The land-owning arm of Harlequin Property has entered interim receivership, and its flagship resort closed after its electricity was disconnected.
Six thousand mainly UK pension investors ploughed around £400m into the unregulated overseas property scheme via financial advisers, hoping for ‘guaranteed returns’ of 10 per cent a year, which never came.
The Financial Services Compensation Scheme has already written down the value of the investment to nil for compensation payment purposes, and has paid out more than £100m in claims against advisers who sold the scheme.
Now FTAdviser has learnt that on Saturday (17 December), the High Court in Saint Vincent and the Grenadines, where Harlequin Property SVG is based, made an order appointing KPMG as interim receiver over the assets of company.

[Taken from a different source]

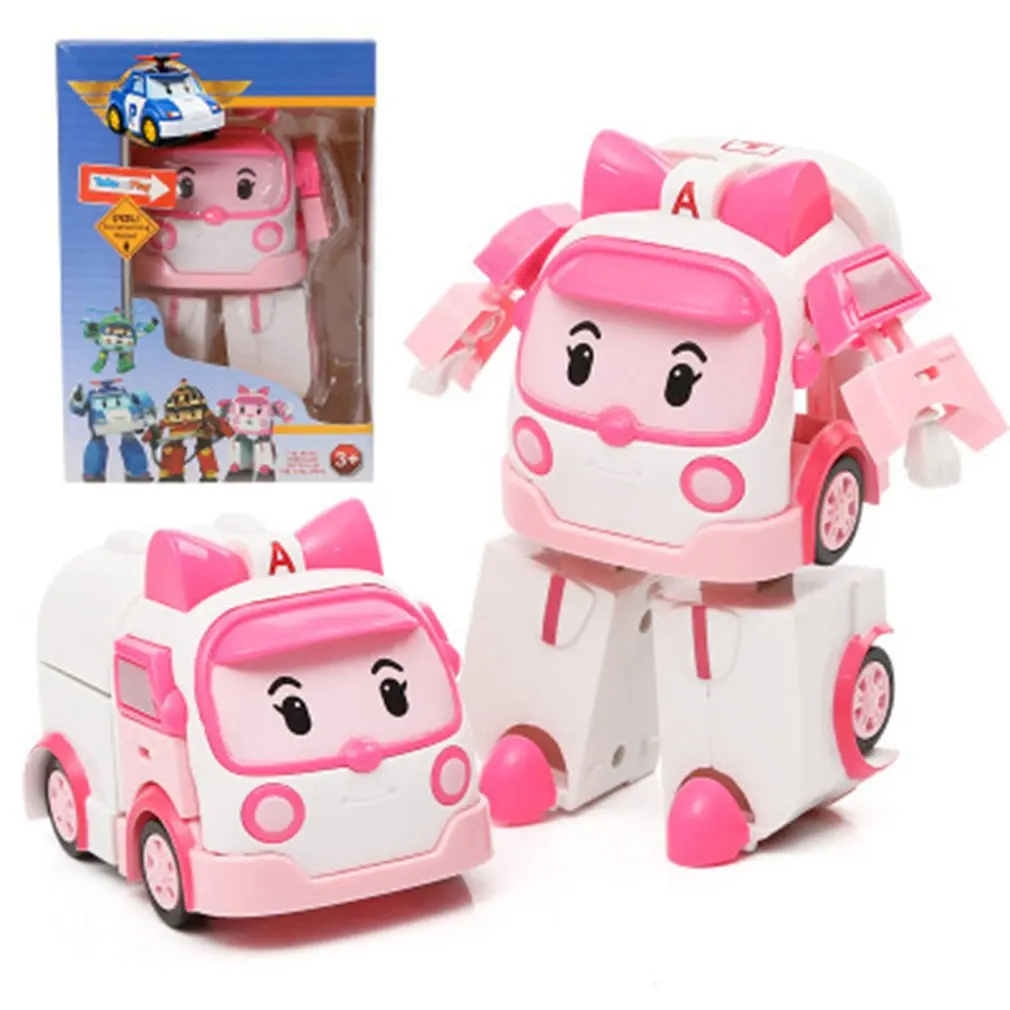 

Robot Transforming Vehicle Simulation Toy Car for Boys Diecasts Car Series Transforming from Toy Car to Cute Robot Diecasts Toy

Receivership is a type of corporate bankruptcy in which a receiver is appointed by bankruptcy courts or creditors to run the company.
In many cases, the receiver is given ultimate decision-making powers and has full discretion in deciding how the received assets will be managed.
Received assets for Harlequin include all the land and other assets owned by Harlequin Property SVG.
However, in this case Harlequin has said that the interim receiver has been effectively appointed to protect property and raise funds to secure assets until a proposal to creditors is delivered in early 2017.
A post, which has since been removed, on the Facebook page for Harlequin’s Buccament Bay resort, stated the Caribbean holiday destination has “temporarily closed and plans to reopen in spring 2017”.
News sites based in Saint Vincent and the Grenadines, where Harlequin and Buccament Bay are located, have reported that staff at the resort have been on strike because they have not be paid.
A spokesperson for Harlequin confirmed the interim receivership order was made in St Vincent, though said it is not yet in its “final form”.
“We understand that the interim order is intended to protect Harlequin Property (SVG) Limited’s assets on a temporary basis until a proposal is made,” the spokesperson said.
“Harlequin expects to present its proposal in early 2017.”
On the closure of Buccament Bay and its various reported problems, the Harlequin spokesperson blamed the resort’s suppliers for refusing to wait for monies due from Harlequin’s recently successful High Court case against its former accountants, Wilkins Kennedy.
However in that case, Judge Mr Justice Coulson proposed the damages should be paid into a ringfenced escrow account for investors, rather than go to Harlequin or its chairman David Ames, with the judge stating he hoped such ringfencing to protect investors' interests could be done by agreement.
The Harlequin spokesperson said: “Sadly, within a week of winning the [Wilkins Kennedy] case, where monies (to the extent recoverable) will not be provided until earliest end of January, suppliers of the Buccament Bay Resort have already stated their clear intentions by changing agreed payment plans and making unrealistic demands with the threat of disconnecting services.